Congregation of the Sons of Merciful Love
- Abbreviation: Post-nominal letters: F.A.M.
- Established: August 15, 1951; 74 years ago
- Founder: Sister Esperanza Jesus Alhama Valera
- Type: Clerical Religious Congregation of Pontifical Right (for Men)
- Headquarters: 06050 Collevalenza, Perugia, Italy
- Members: 114 members (92 priests) as of 2018
- Superior General: Fr. Aurelio Pérez Garcia, FAM
- Countries present: Italy, Spain Brazil and Germany
- Ministry: support of the diocesan clergy, works of charity and social work
- Parent organization: Roman Catholic Church
- Website: www.amormisericordioso.org

= Sons of Merciful Love =

Catholic religious congregation

The Congregation of the Sons of Merciful Love (Congregatio Filiorum Amoris Misericordis) is a Catholic clerical religious congregation of Pontifical Right for men, founded in Rome in 1951 and approved by Pope John Paul II on June 12, 1983. Its members add the post-nominals FAM to their names to indicate membership in the Congregation.

== History ==
The Congregation was founded in Rome by the Spanish Sister Esperanza Jesus Alhama Valera (September 30, 1893 - April 2, 1983) on August 15, 1951, when three novices made their profession of faith.

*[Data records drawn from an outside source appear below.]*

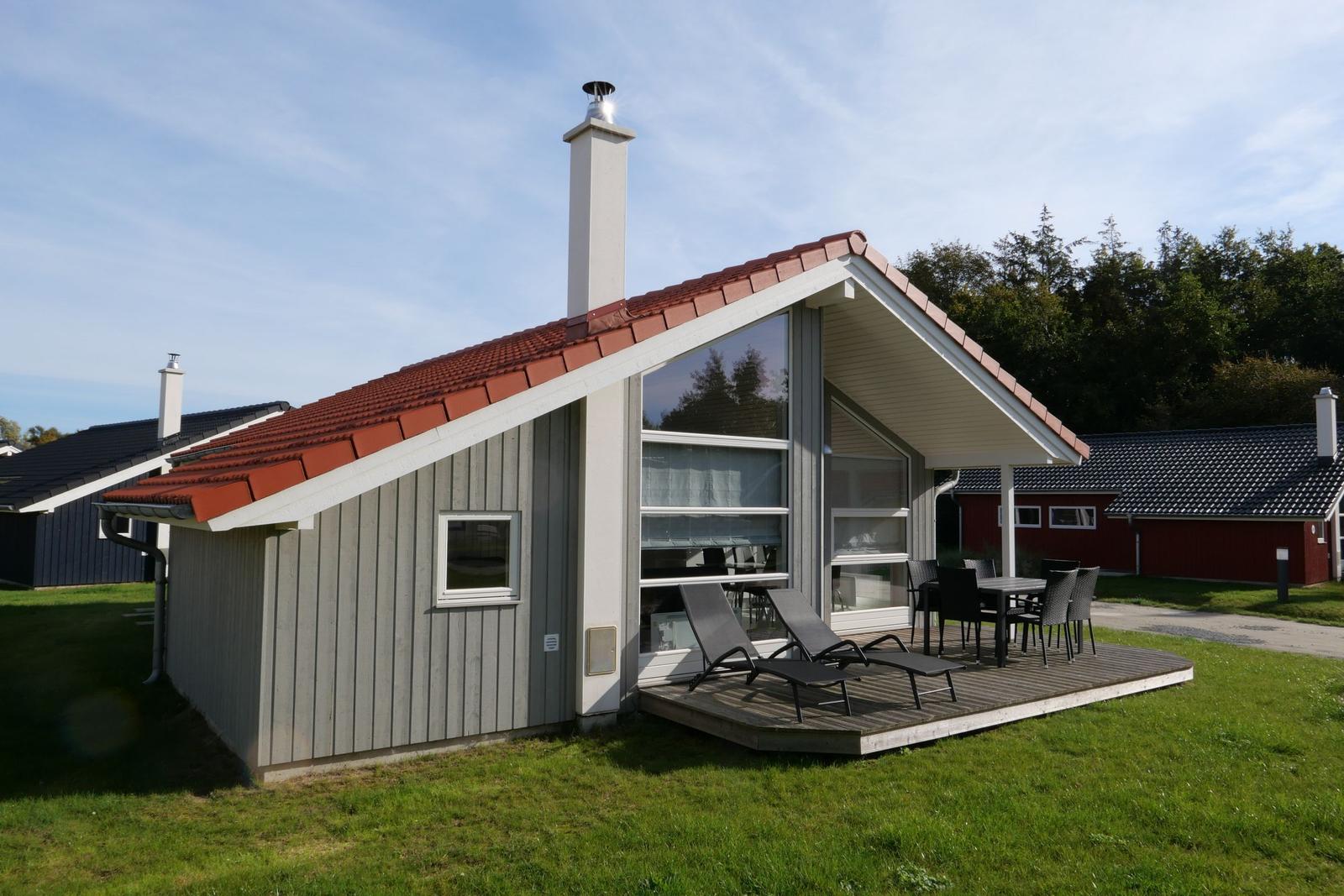 Moderne Holzhütte mit Terrasse, Sonnenliegen und Tisch. Roter Dachfirst und Schornstein.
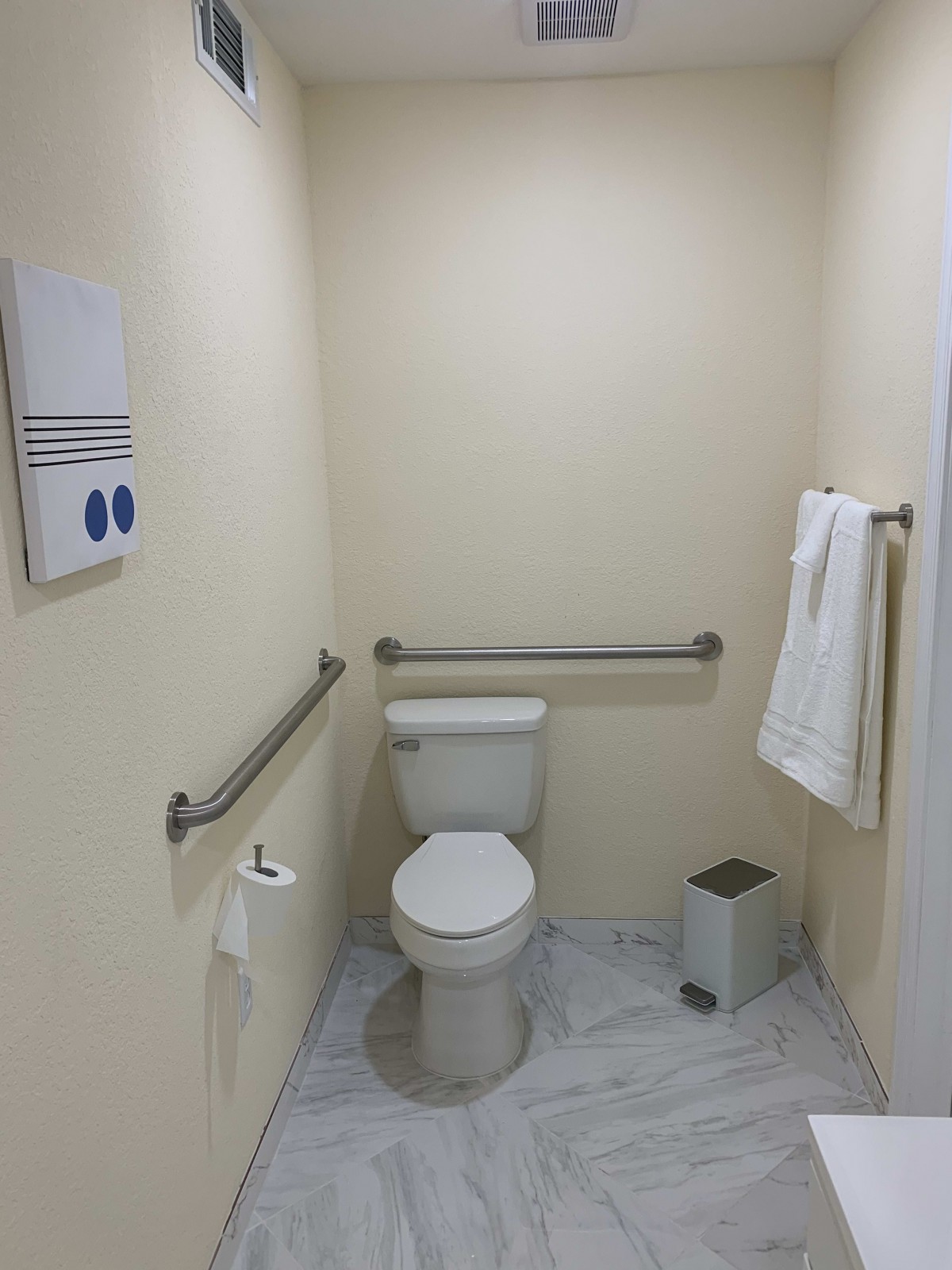A clean and simple bathroom featuring a toilet with handrails, towel rack, and waste bin.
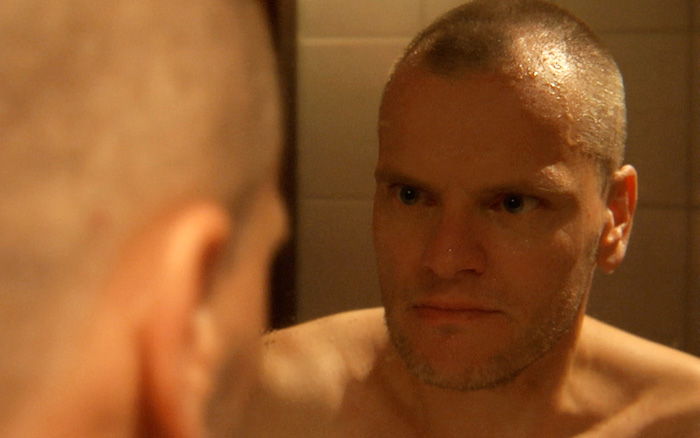 Thomas Schweiss, played by Stefan Kolosko, reflected in a mirror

On August 18, 1951, Alfonso Maria de Sanctis, Bishop of Todi, hosted the community within his jurisdiction, in the hamlet of Collevalenza. Since that time other houses have been opened in Matrice and Fermo, and in 1963 in Lujua (diocese of Bilbao).

The Sons of Merciful Love were raised to the status of a religious congregation under diocesan direction by a decree of Norberto Perini, Archbishop of Fermo, on July 28, 1968. The Holy See approved the Congregation as an institute by a decree of June 12, 1983.

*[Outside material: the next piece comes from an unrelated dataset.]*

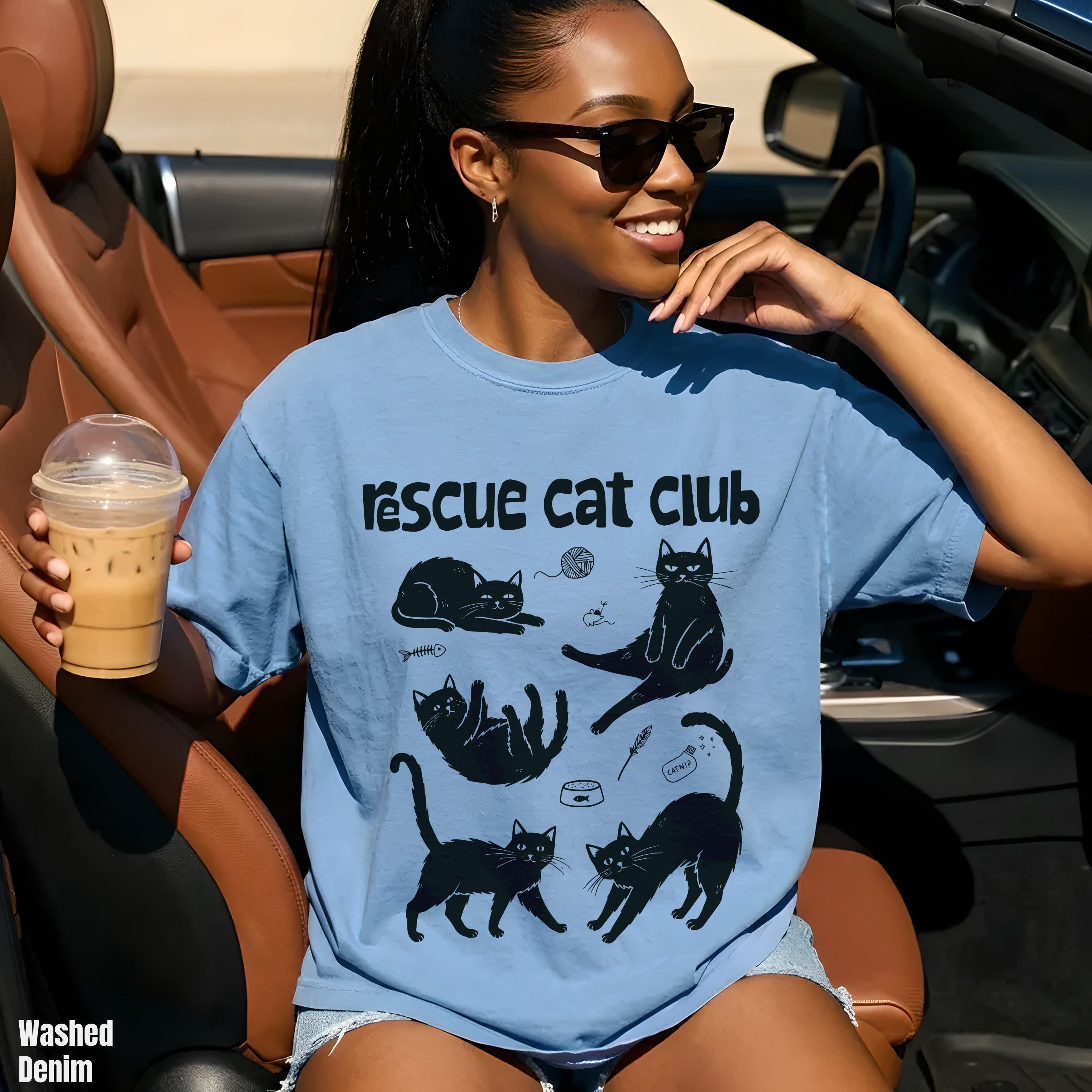 Woman wearing blue t-shirt with "Rescue Cat Club" and cat illustrations.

On December 31, 2018, the Congregation had 19 houses, 114 members (92 priests).

The Congregation's priests are dedicated to the support and the sanctification of the diocesan clergy and also to charity and social work. They work in Brazil, Germany, Italy and Spain. The seat of the Congregation's head is in the Sanctuary of Merciful Love (Santuario dell'Amore Misericordioso) in Collevalenza (Perugia).

=== Bishops ===

- Domenico Cancian, bishop of Città di Castello, Italy.
- Armando Martín Gutiérrez, bishop of Bacabal, Brazil.